I really don’t think that young earth creationism is a reasonable belief, and I’m sympathetic to the view that such believers are either undereducated or have cognitive biases (like we all have to some degree) that are influencing their ability to put the pieces together. That doesn’t mean that they’re stupid in general, and frankly at this rate I’d prefer to have the average evangelical young earth creationist as a daughter-in-law than the average New Atheist.
The existence of demonstrably sophisticated, intelligent, and knowledgeable people who actually do believe at most opens up a space for belief in its very early stages, but it doesn’t demonstrate its validity. There are small pieces of our belief space as Latter-day Saints that are critiqueable or at least analyzable using the tools of academia, but when you really get down to it there isn’t a lot of disagreement on the very technical particulars between a true believer and a critic who both received the same training–not a lot of Latter-day Saint professionals believe in the equivalent of the aether or Satan hiding dinosaur bones, despite some corners of the Internet trying to paint some believing scholars as such, and the disagreement mostly comes once you’ve stepped outside the agreed-upon methodologies and into the bigger picture.
More to the point, there really isn’t anything in the General Conference gospel that is demonstrably untrue (as a sidebar, the existence of disagreements in a field about whether the other side is making any sense at all, such as continental philosophy, does not bode well for the validity of the field as a whole).
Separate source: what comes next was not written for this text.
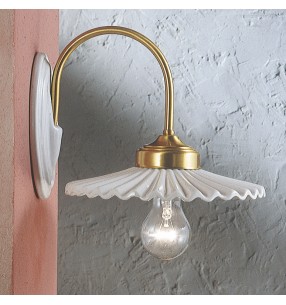 Бра Арт. C012 Ferroluce (Италия)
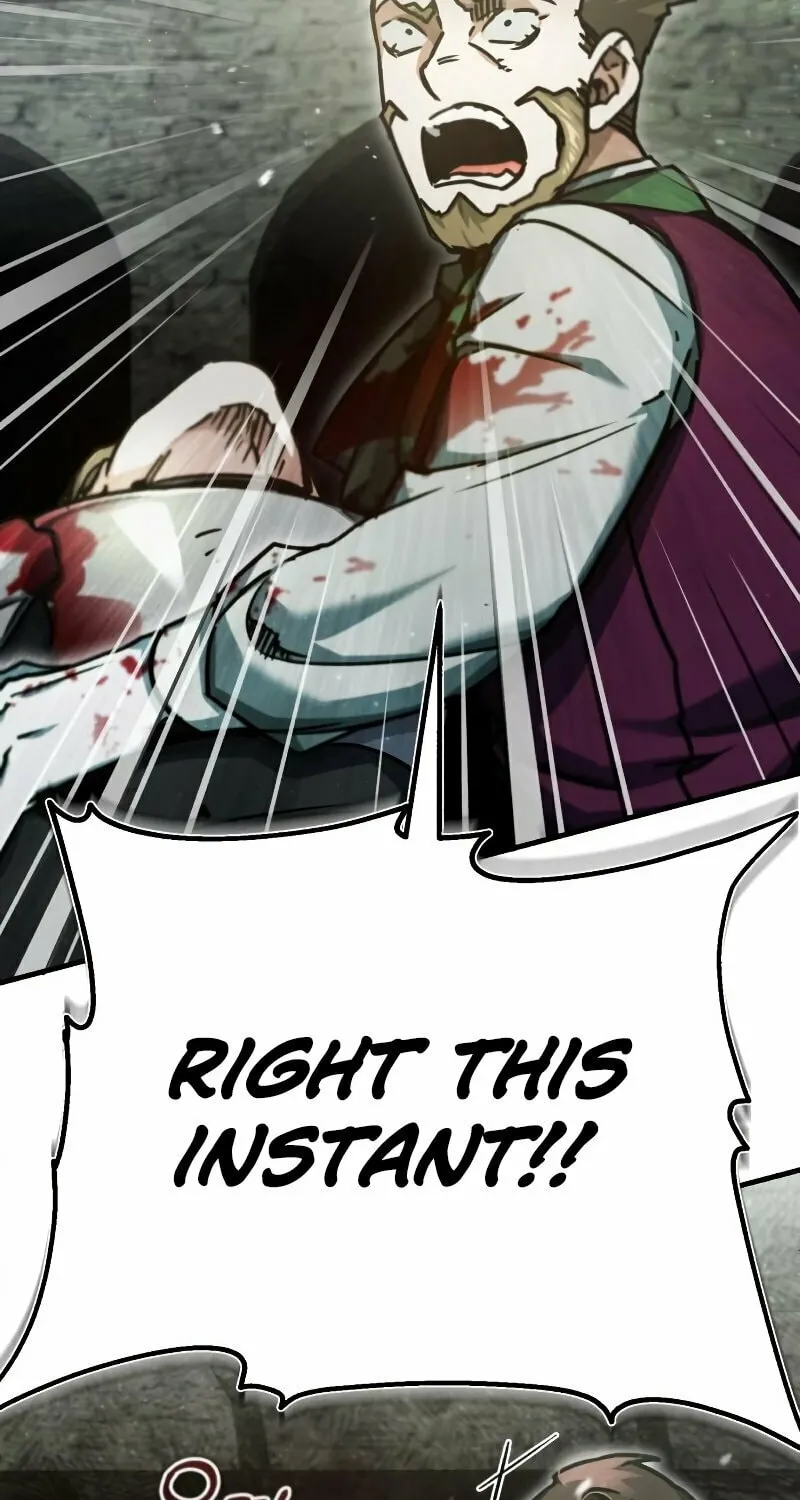 Read Descended from Divinity EN Manga Online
By the time anybody has interpreted the myriad web of evidences for and against something as vast as the gospel that covers so many domains of human knowledge, combined with their own sentiment and experiences, they’ve run everything through so much individually calibrated software that is subject to cognitive biases and preferences that you can’t take somebody’s final end result as evidence of anything, even if they have more powerful hardware.
The “you have to know for yourself” mantra in the Church is a cliche, but that’s because it’s so vital when we realize the problems of trusting in the arm of flesh, whether for intellectual or spiritual matters (although for some intellectual domains we kind of have to trust in the arm of expert flesh, since it’s not reasonable to expect an individual to have enough casual knowledge in a subject to know for themselves). For example, I’ll admit to having some prurient interest as to whether Thomas Hales, who’s in the running as the smartest person with a Latter-day Saint background, is a TBM, (and no, I’m not going to take a rando in the comments telling me he’s not as evidence of anything), but my personal belief in the veracity of the gospel does not hinge at all on whether he, or any other scholar, is or not, because he has his biases, I have mine, and at the end of the day we have to decide for ourselves based on the data and our own experience. Another person who is in the running for smartest person from a Mormon background, Kip Throne has stated “There are large numbers of my finest colleagues who are quite devout and believe in God, ranging from an abstract humanist God to a very concrete Catholic or Mormon God. There is no fundamental incompatibility between science and religion. I happen to not believe in God.” There’s clearly something more than just raw intellect involved in the decision to believe, and neither the presence of super smart believers, nor their absence, should have an effect on a mature testimony developed from one’s own study and experience with the divine.